Short text fragments from websites:

= = = = = = =

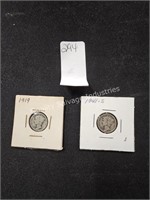 1919 & 1941 mercury dimes (display case)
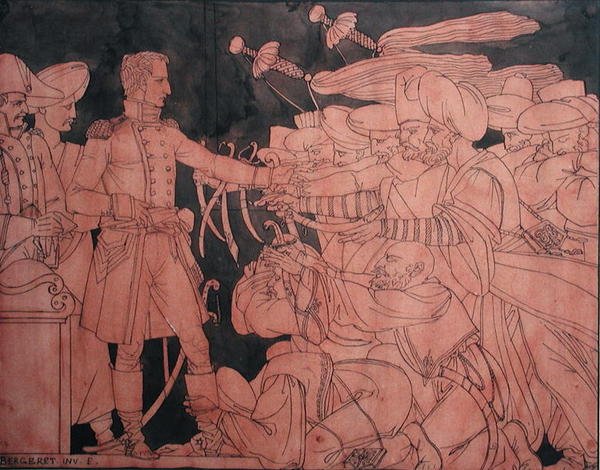 Napoleon I (1769-1821) přijímající kapitulaci egyptských vůdců během egyptského tažení, přípravný návrh na vázu (kvaš na papíře) od Pierre Nolasque Bergeret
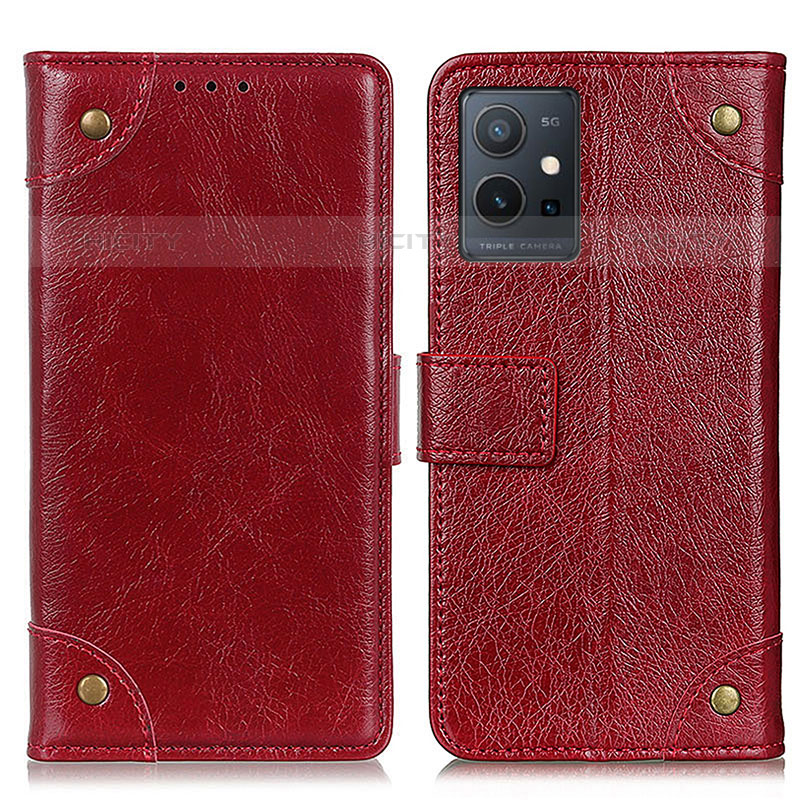 Custodia Portafoglio In Pelle Cover con Supporto K06Z per Vivo iQOO Z6 5G Rosso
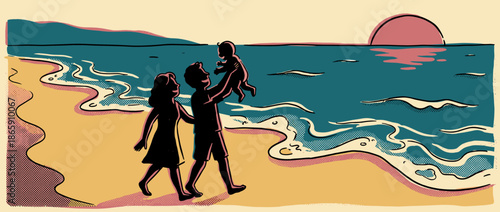 Silhouetted family with a newborn baby walks along the seashore at sunset, the father joyfully lifting the child in a retro comic book style illustration with warm tones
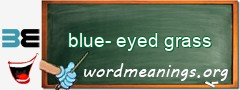 WordMeaning blackboard for blue-eyed grass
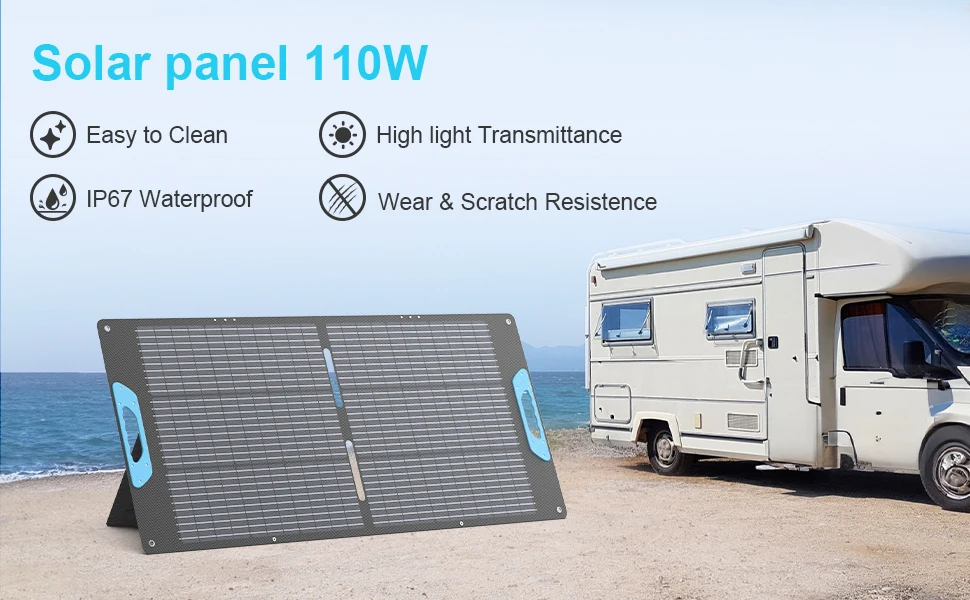 Panel solar portátil E-POWO 100W/200W, respaldo de energía de panel solar plegable impermeable IP67, cargador solar para central eléctrica RV/Free Envio a Cuba 15-21 dias - Image 10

= = = = = = =

What to do:
From the first line to the last, give the data again exactly, but without pictures.

Problem solution:
 1919 & 1941 mercury dimes (display case)
 Napoleon I (1769-1821) přijímající kapitulaci egyptských vůdců během egyptského tažení, přípravný návrh na vázu (kvaš na papíře) od Pierre Nolasque Bergeret
 Custodia Portafoglio In Pelle Cover con Supporto K06Z per Vivo iQOO Z6 5G Rosso
 Silhouetted family with a newborn baby walks along the seashore at sunset, the father joyfully lifting the child in a retro comic book style illustration with warm tones
 WordMeaning blackboard for blue-eyed grass
 Panel solar portátil E-POWO 100W/200W, respaldo de energía de panel solar plegable impermeable IP67, cargador solar para central eléctrica RV/Free Envio a Cuba 15-21 dias - Image 10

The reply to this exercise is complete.